Je suis vulnérable. Très vulnérable. Sensible à tout ce qui m’entoure. Aux événements, aux gens, aux émotions des autres, à la qualité de mes relations. Une vraie éponge. Mon cœur prend beaucoup de place. Des fois, faut que ma tête le replace. Une quête perpétuelle d’équilibre entre mon énergie féminine et masculine. Entre le désir que j’ai que les gens soient heureux autour de moi et l’impression que je devrais être plus égoïste. Pas toujours évident. Mais je fonce pareil et j’essaie.

Je suis en paix. Plus que je ne l’ai jamais été. Entre ma vie personnelle, professionnelle, mes projets et mon désir de ne plaire qu’à une seule personne: moi-même. J’ai de la misère à entrer dans un moule. Pis ça me tente pas. J’me dis que dans le fond, j’ai pas besoin de le faire. J’ai pas le goût d’être une superwoman. Je m’en fous d’être admirée par des centaines de personnes. Tout ce qui m’importe, c’est d’être heureuse et zen. De me coucher le soir, l’esprit tranquille. En sachant que j’ai rien à me reprocher, rien à cacher. Être capable de me regarder dans le blanc des yeux et respecter la personne que je suis, dans mes nombreuses imperfections.

Je suis transparente. Ça me dérange pas vraiment de te parler de mes mauvais coups comme de mes bons. J’adore l’humour sarcastique, l’autodérision. Je suis honnête et bordélique. Tu peux me juger si ça te plait, si ça te fait te sentir mieux. C’est correct, je le prends pas personnel. Parce que malgré les tempêtes que j’ai traversées, je me sens bien et j’ai l’impression d’être privilégiée. Je suis fière de m’en être sortie. D’avoir confiance en la vie, de savoir l’apprécier et de la trouver encore belle. Malgré les jours gris et les nuages de solitude qui ponctuent le temps généralement ensoleillé. Rien n’est jamais blanc ou noir. Toi aussi, tu le sais.
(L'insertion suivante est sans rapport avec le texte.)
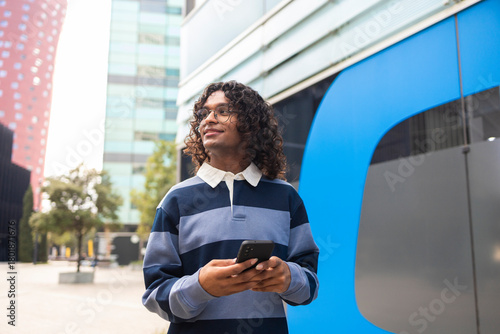 Urban non-binary lifestyle in a vibrant city setting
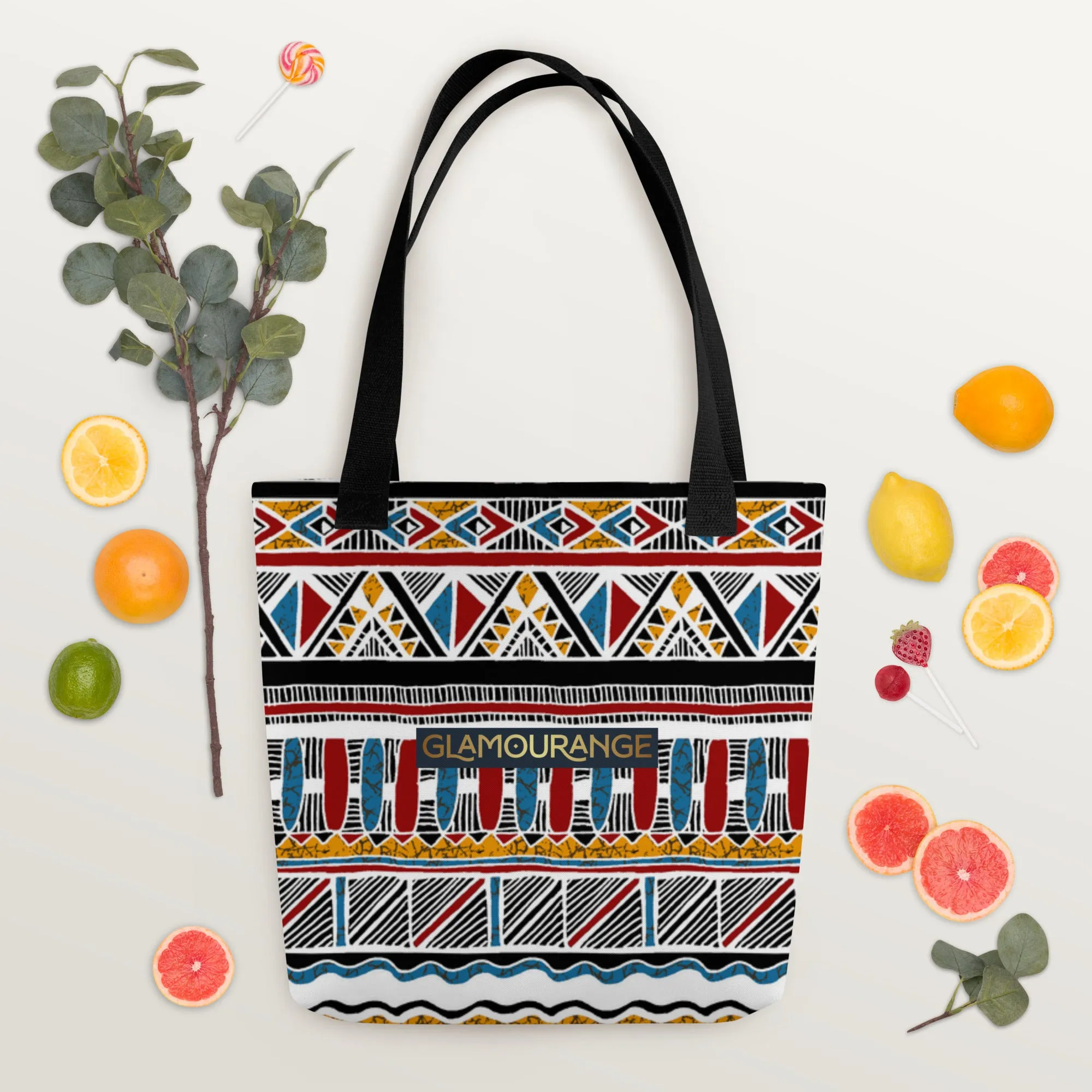 Tote Bag Women Designer (Stripe Bag Pattern 0014)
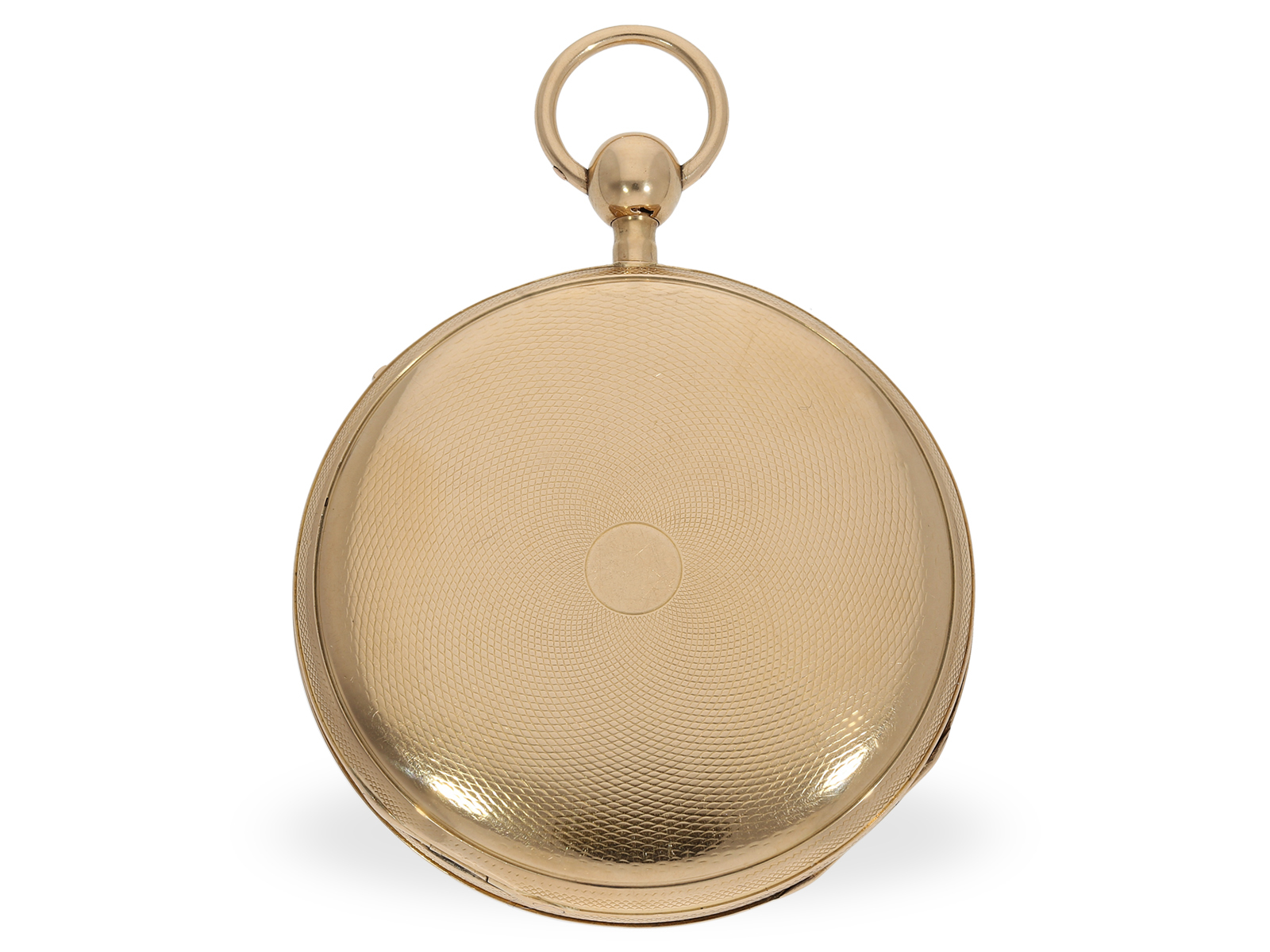 Pocket watch: large lepine with ruby cylinder and repeater, fine movement quality, ca. 1810 - Image 5 of 5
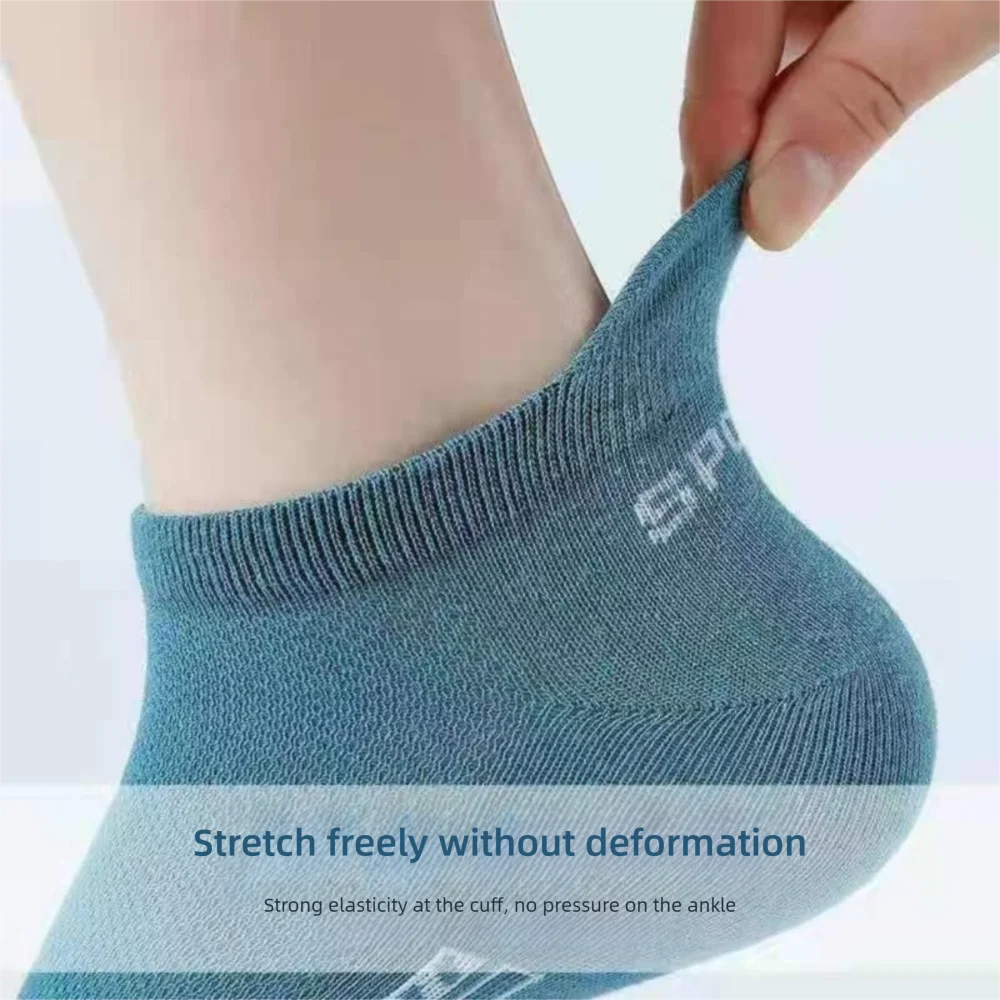 Multicolor Thin Men's Socks Breathable Comfortable Sports Socks Moisture-Wicking Short Socks Sports
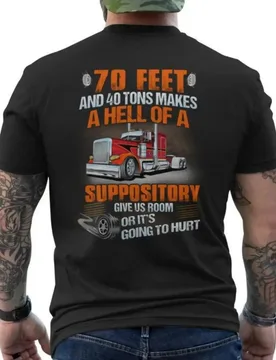 Heavy-Duty Truck Print T-Shirt 100% Cotton O-Neck Short Sleeve Summer Casual Mens T-shirt Streetwear - Aliexpress - FashionsVida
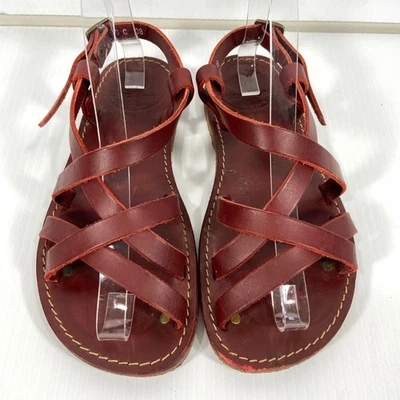 Duckfeet Bornholm Leather Sandals in Granate Dark Red Womens EU 38 US 7.5 8 - Image 1 of 4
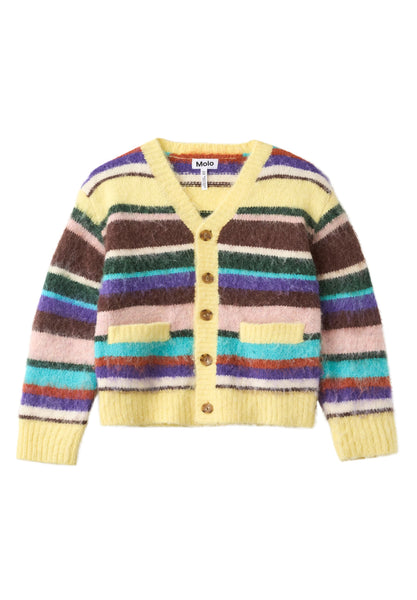 Cardigan in maglia a righe multicolor per bambina Molo BRUTUS 5755 
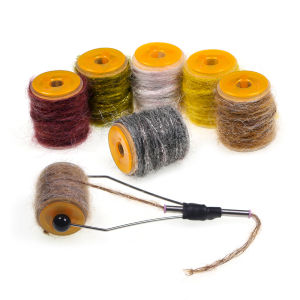 ICERIO 6 Colors/Set Dirty Bug Yarn Mottled Dubbing Thread Fly Fishing Tying Material for Shrimps Baetis Caddis Nymphs Lure Bait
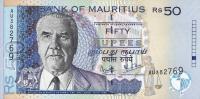 Gallery image for Mauritius p50d: 50 Rupees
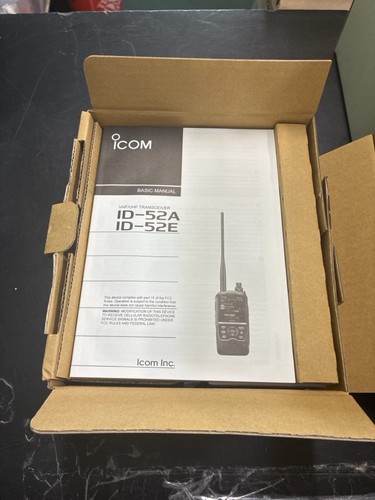Icom 52a plus vhf - id-52a, vhf/uhf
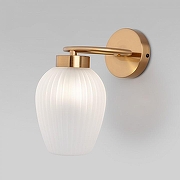 Бра Eurosvet Alva 30184/1 латунь цвет плафона/подвески Белый, цвет арматуры Латунь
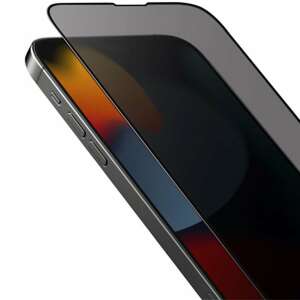 Uniq Optix adatvédelmi képernyővédő iPhone 14-hez, 2 irányú adatvédelem, 1,8 méteres ütközésálló, 2.85D teljes képernyő lefedettség - UNIQ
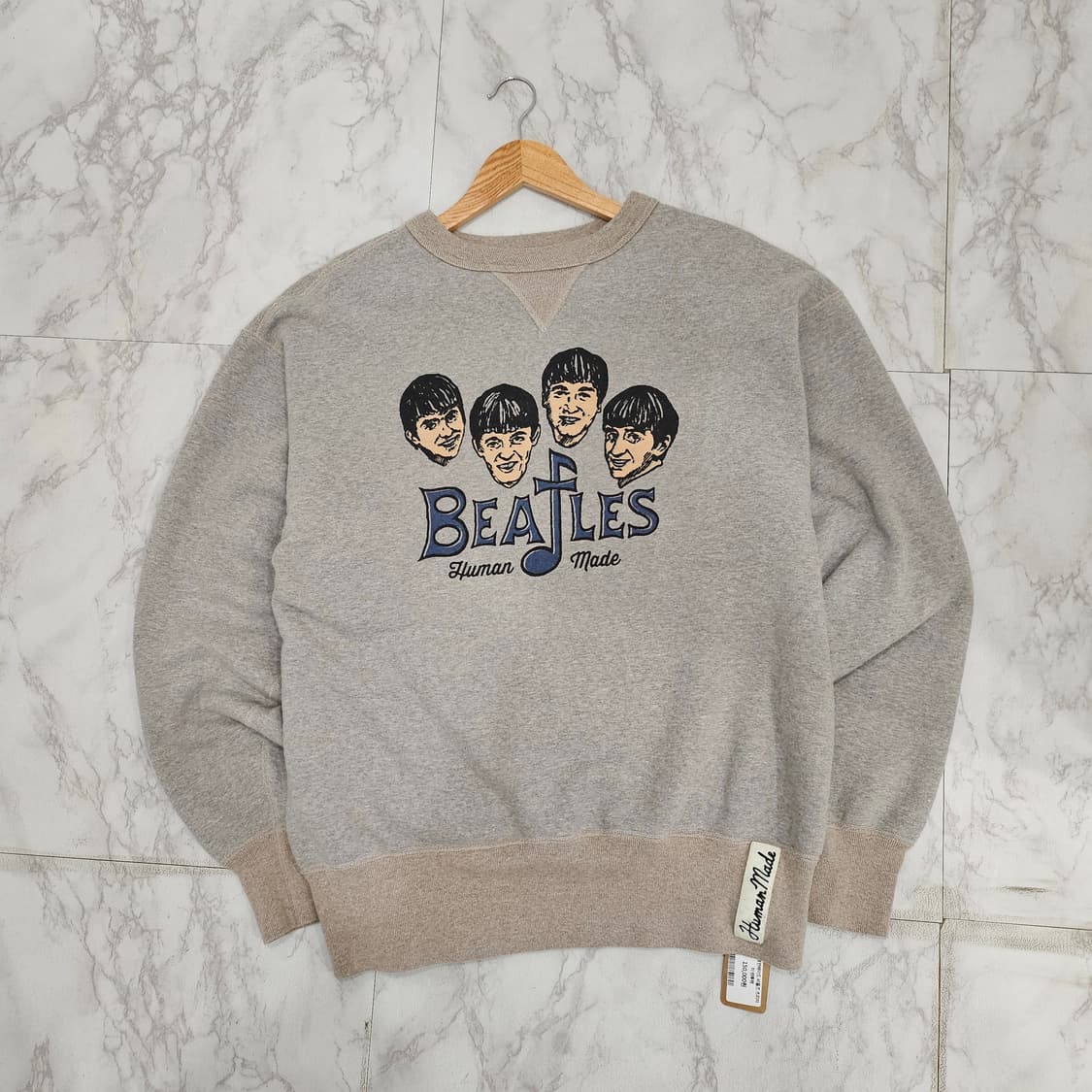 정품 휴먼메이드 비틀즈 츠리아미 맨투맨 상품이미지1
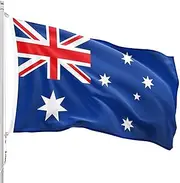 Australian Flag Aussie Australia Anzac Day 1500x750mm OZ Heavy Duty Spun Polyester Brass Hooks AU Country Outdoor Banner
J’me sens libre. Même si j’me demande parfois où je vais. J’ai aucune réponse à donner, aucune certitude. J’ai pas de plan coulé dans le béton, mais j’me sens pas prise dedans non plus. J’ai surtout des rêves qui flottent dans les airs. C’est pas toujours rassurant. C’est intangible et éphémère. Mais j’me dis que tout peut changer du jour au lendemain. Que ça va bien aller, tant que je suis bien entourée. Pis quand les rides vont se multiplier sur mon visage, j’vais penser à toutes les folies que j’ai faites dans ma vie. Mes amours de passage, aussi volatiles que le temps qui passe. Pis j’vais continuer à sourire. La tête haute. Le corps à 45 degrés.

S.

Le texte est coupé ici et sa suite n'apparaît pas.